▶ **EXERCISE AIM**:
Return the full listing character for character, without its pictures.

___ DATA BELOW ___

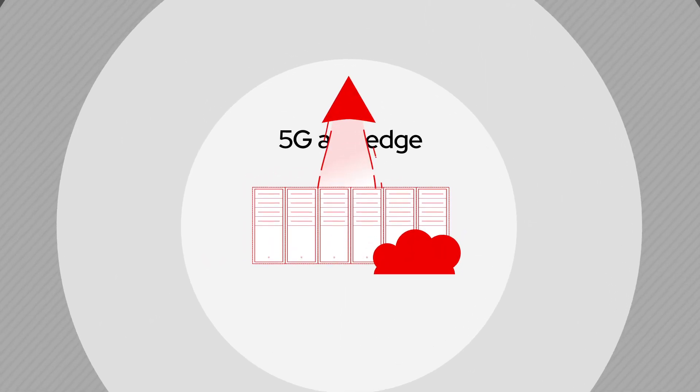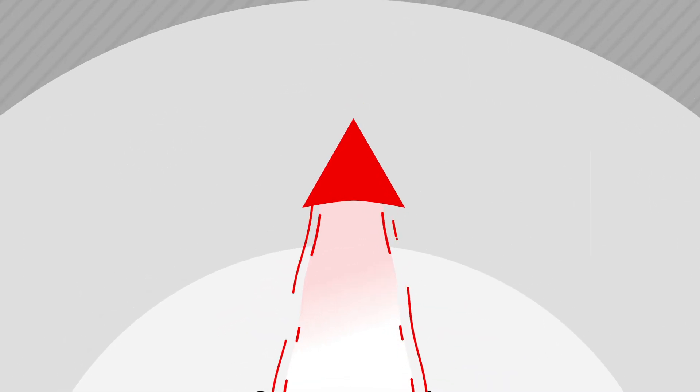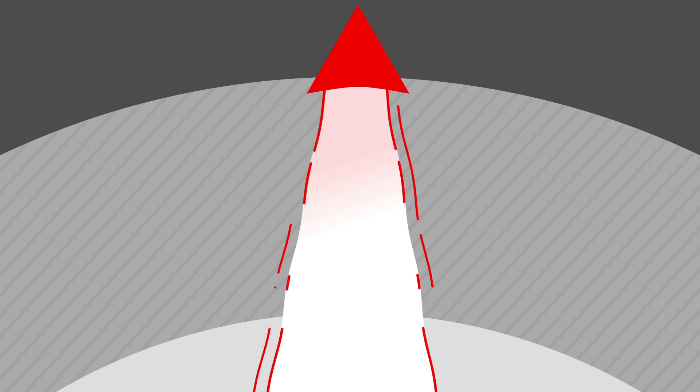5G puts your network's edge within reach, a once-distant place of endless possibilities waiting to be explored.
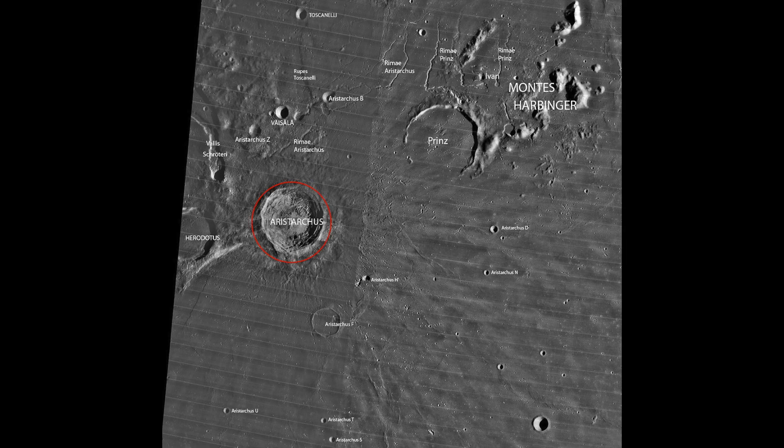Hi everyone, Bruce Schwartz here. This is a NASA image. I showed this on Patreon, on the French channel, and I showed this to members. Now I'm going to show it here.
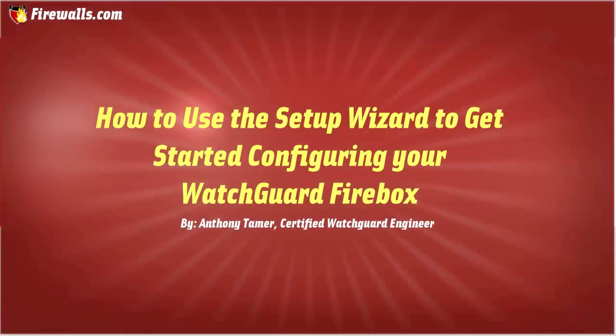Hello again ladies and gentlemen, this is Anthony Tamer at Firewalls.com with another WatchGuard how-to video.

___

▶ **ANSWER**:
5G puts your network's edge within reach, a once-distant place of endless possibilities waiting to be explored.
Hi everyone, Bruce Schwartz here. This is a NASA image. I showed this on Patreon, on the French channel, and I showed this to members. Now I'm going to show it here.
Hello again ladies and gentlemen, this is Anthony Tamer at Firewalls.com with another WatchGuard how-to video.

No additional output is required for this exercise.